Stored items

··········

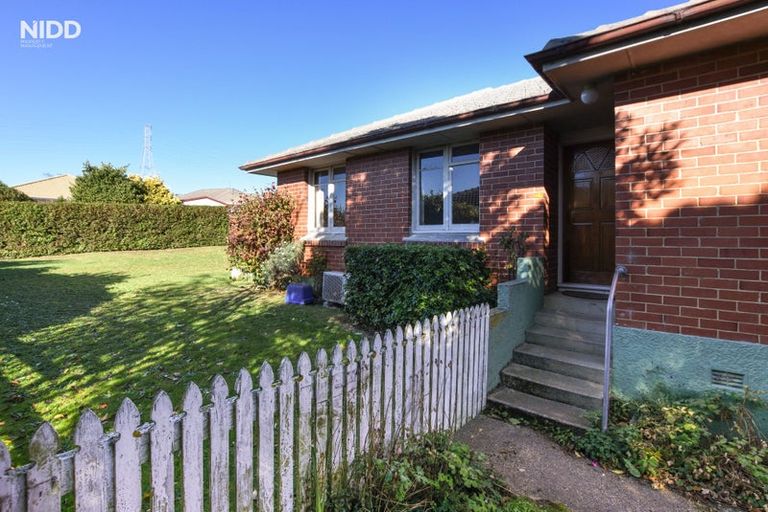 Photo of property in 150 Wakari Road, Helensburgh, Dunedin, 9010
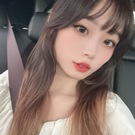 �˵��D���H�ɮ�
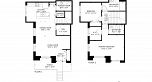308 Smithe Street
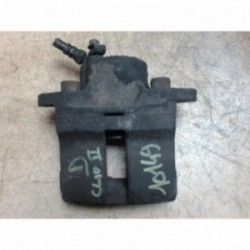 Etrier arriere droit...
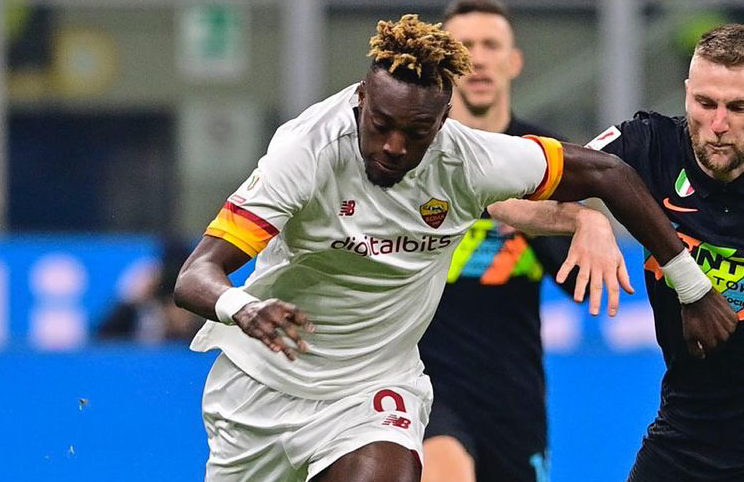 英雄联盟-包含NBA总决赛今晚走向成谜,国际米兰门线救险,更衣室稳定,团队化学反应显著的词条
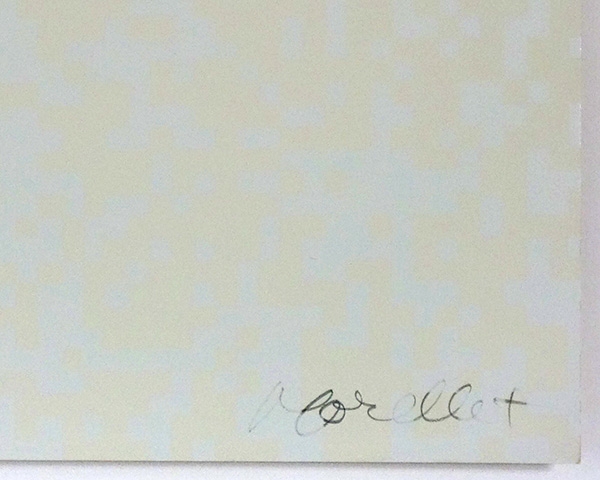 Pic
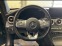 Обява за продажба на Mercedes-Benz C 220 D#AMG#COUPE#9G-TRON#PANO#BURM#MULTIBEAM#360* CAM ~63 999 лв. - изображение 7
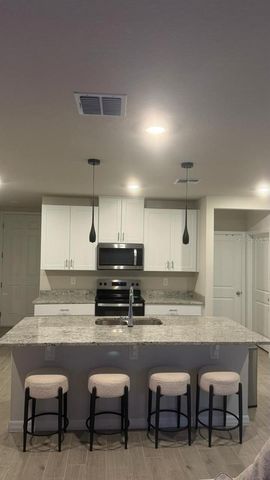 7630 INTREPID ROAD, Wesley Chapel, FL 33545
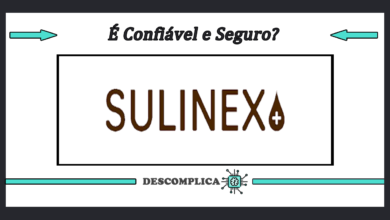 Sulinex é Confiável - Tudo Sobre o Assunto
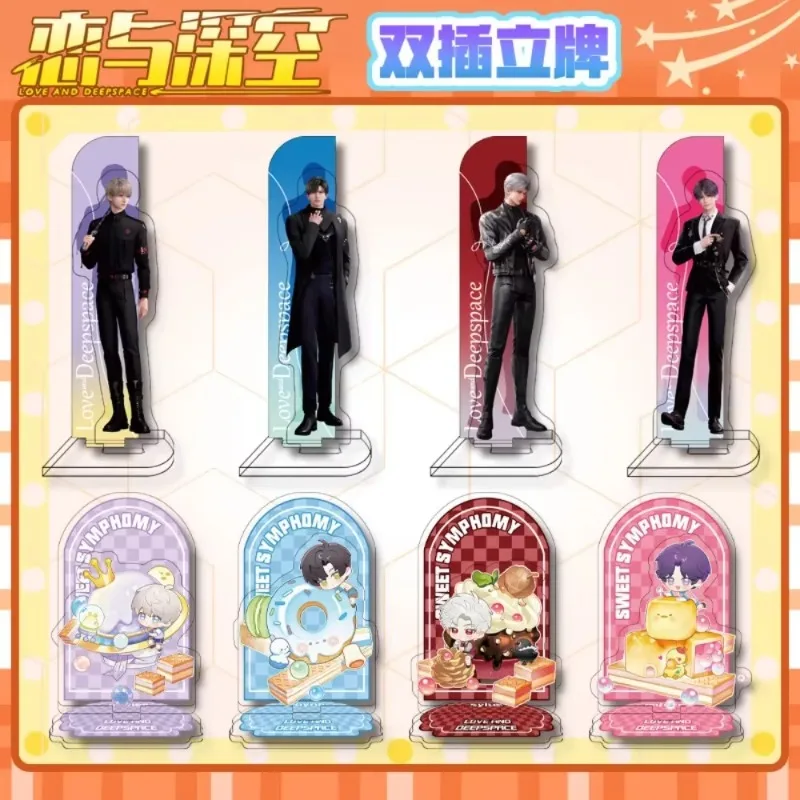 Mobile Games Love A… - image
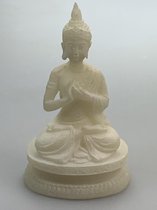 Thai Boeddha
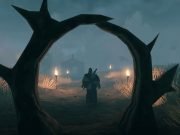 Valheim: Neues Wikinger-Survivalspiel mausert sich zum Steam-Hit
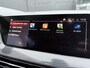 BMW 1-Serie 118I Sportline,LED,Clima,Navi/Carplay,Digi Display,Dealer OH,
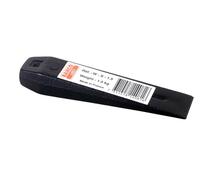 Bahco BAHWS15 Splitting Wedge WS 9in (52.9oz)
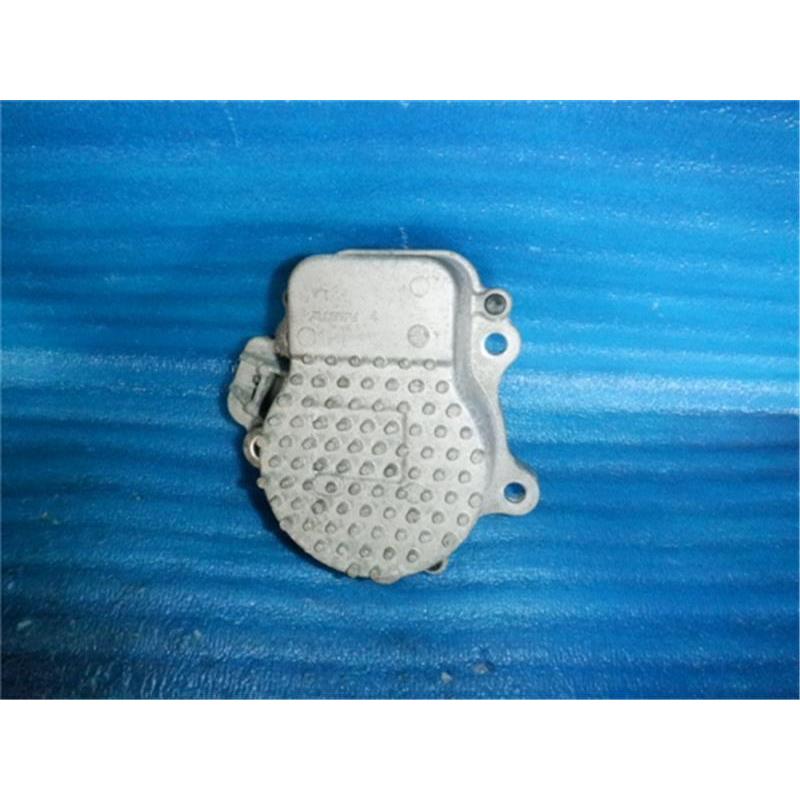 車 ホンダ 純正 ウォーターポンプASSY 19200-5K0-A01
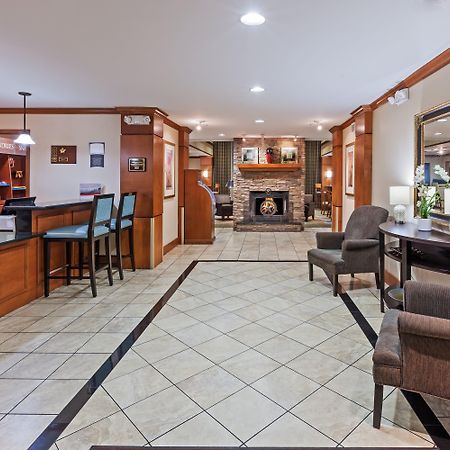 Staybridge Suites San Antonio Nw Near Six Flags Fiesta, An Ihg Hotel 外观 照片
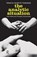 The Analytic Situation, Peter F. Drucker - Gebonden - 9781138534261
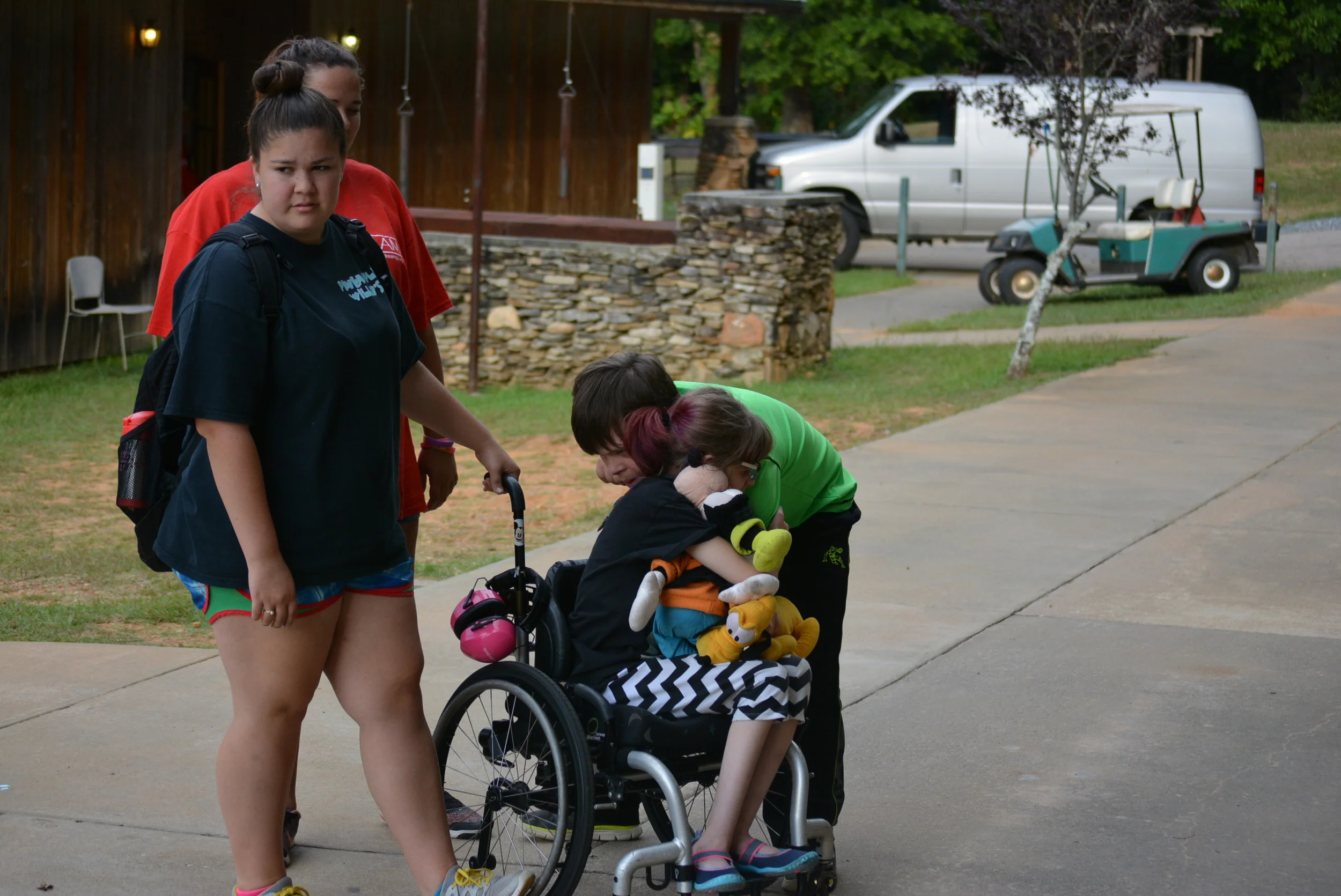 2016 camp s3d1-2 126.JPG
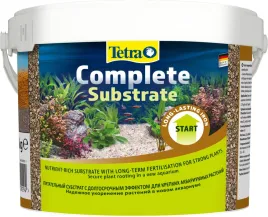 podloze-naturalne-tetra-1-2-mm-25-kg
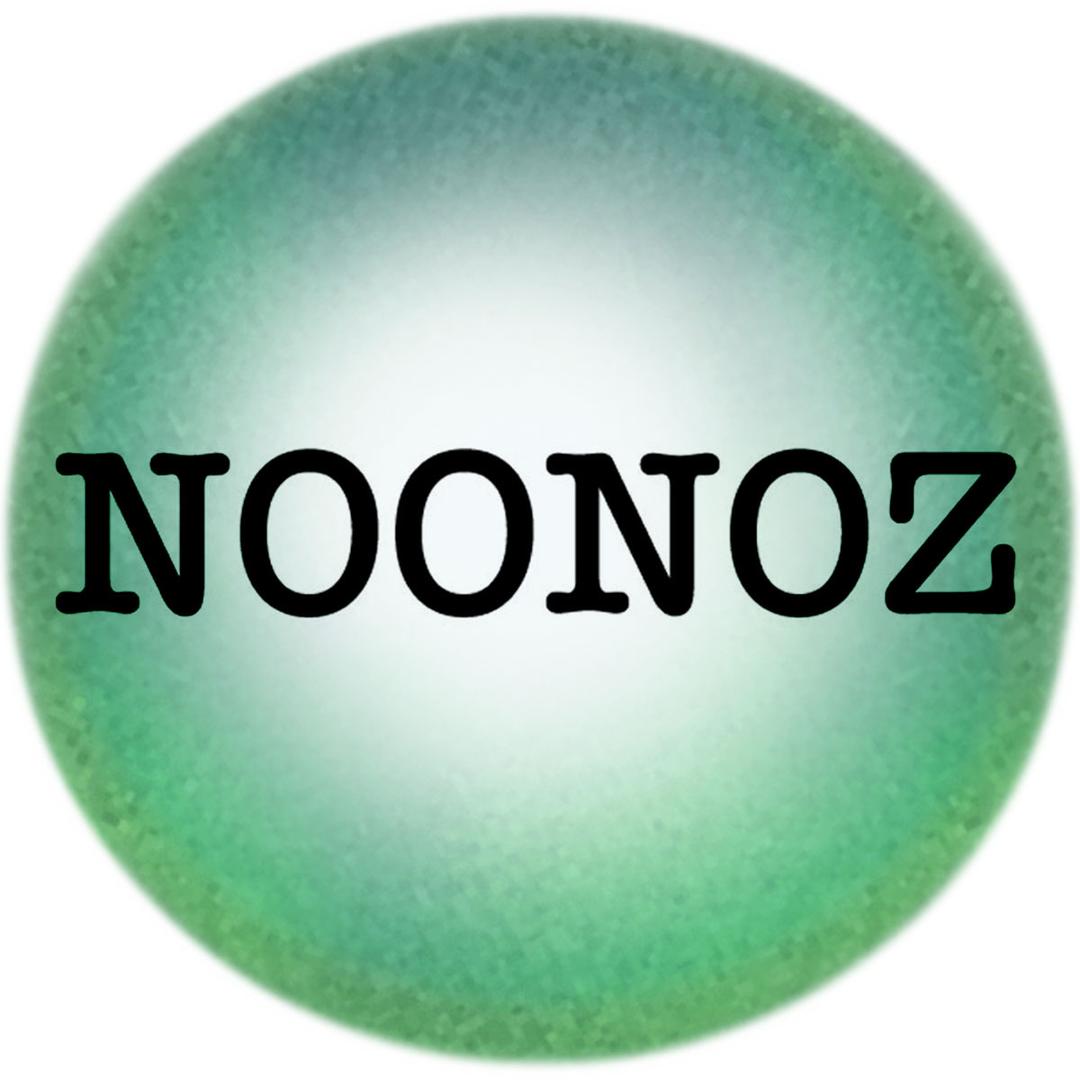 NOONOZ
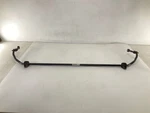 14-19 Mini Hardtop Cooper Rear Stabilizer Sway Bar Oem Cm. Fixed Price $184.99.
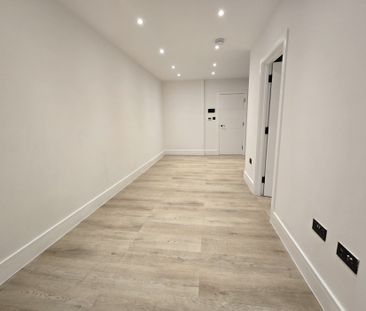 North Station Road, Colchester - Photo 6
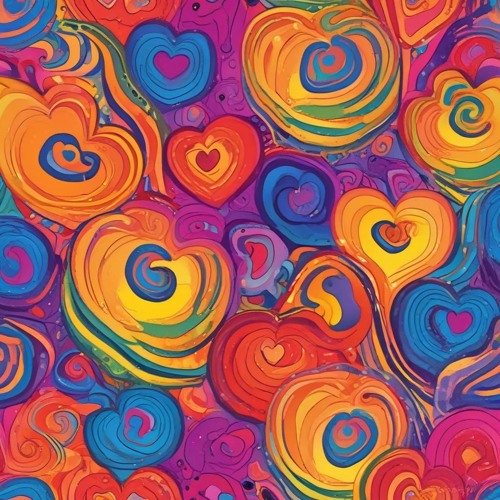 Dancefloor Romance (1)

··········

> _Instructions for the task_
All that is wanted is the lines above between the one containing "BMW 1-Serie 118I" and the one containing "Staybridge Suites San", inclusive, restated word for word, with pictures omitted.

> _Solution to this problem_
 BMW 1-Serie 118I Sportline,LED,Clima,Navi/Carplay,Digi Display,Dealer OH,
 Bahco BAHWS15 Splitting Wedge WS 9in (52.9oz)
 車 ホンダ 純正 ウォーターポンプASSY 19200-5K0-A01
 Staybridge Suites San Antonio Nw Near Six Flags Fiesta, An Ihg Hotel 外观 照片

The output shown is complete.